(Excerpts from a dataset)

:::::

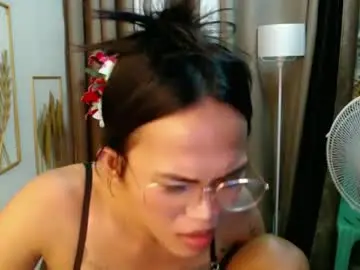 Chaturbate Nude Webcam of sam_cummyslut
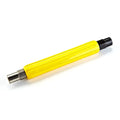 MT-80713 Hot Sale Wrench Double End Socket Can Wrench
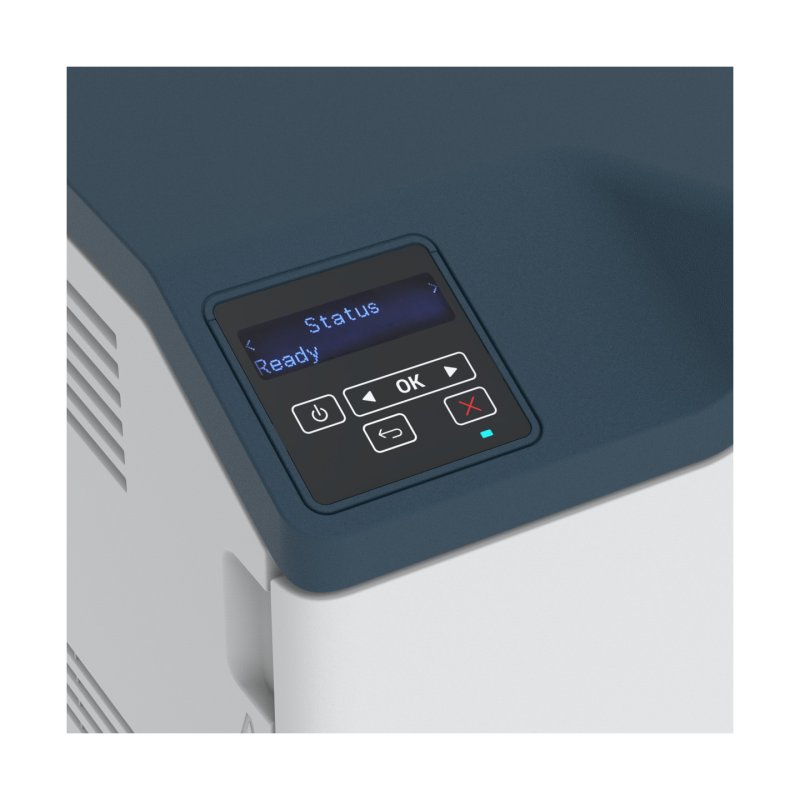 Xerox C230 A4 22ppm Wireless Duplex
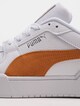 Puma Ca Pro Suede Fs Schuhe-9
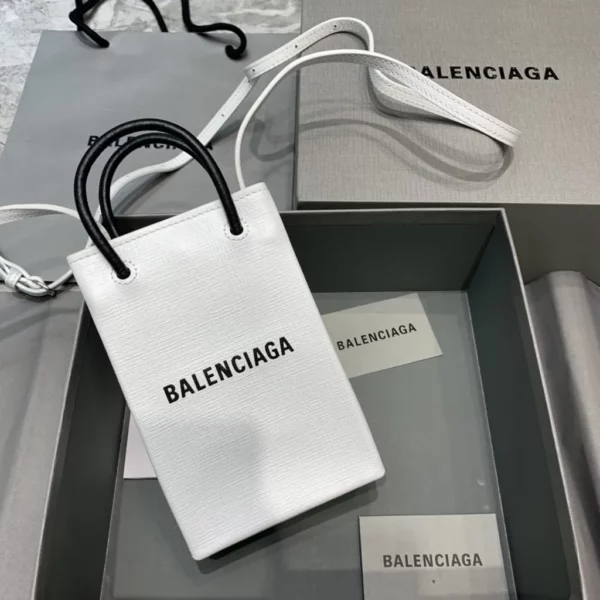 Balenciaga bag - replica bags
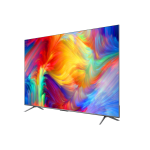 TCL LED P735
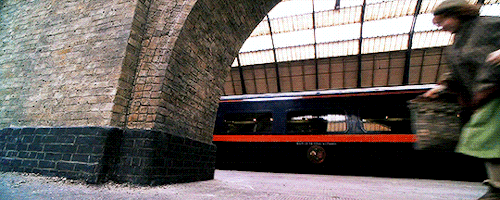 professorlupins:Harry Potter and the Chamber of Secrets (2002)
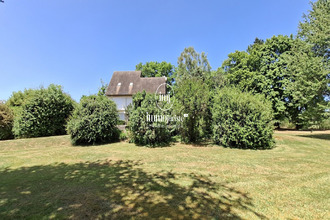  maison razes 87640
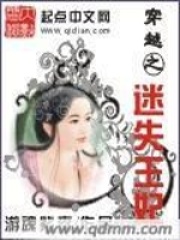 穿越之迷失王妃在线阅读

:::::

**What the task asks:**
Each record is to be restated word for word; no picture goes in.

**Task solution:**
 Chaturbate Nude Webcam of sam_cummyslut
 MT-80713 Hot Sale Wrench Double End Socket Can Wrench
 Xerox C230 A4 22ppm Wireless Duplex
 Puma Ca Pro Suede Fs Schuhe-9
 Balenciaga bag - replica bags
 TCL LED P735
 professorlupins:Harry Potter and the Chamber of Secrets (2002)
  maison razes 87640
 穿越之迷失王妃在线阅读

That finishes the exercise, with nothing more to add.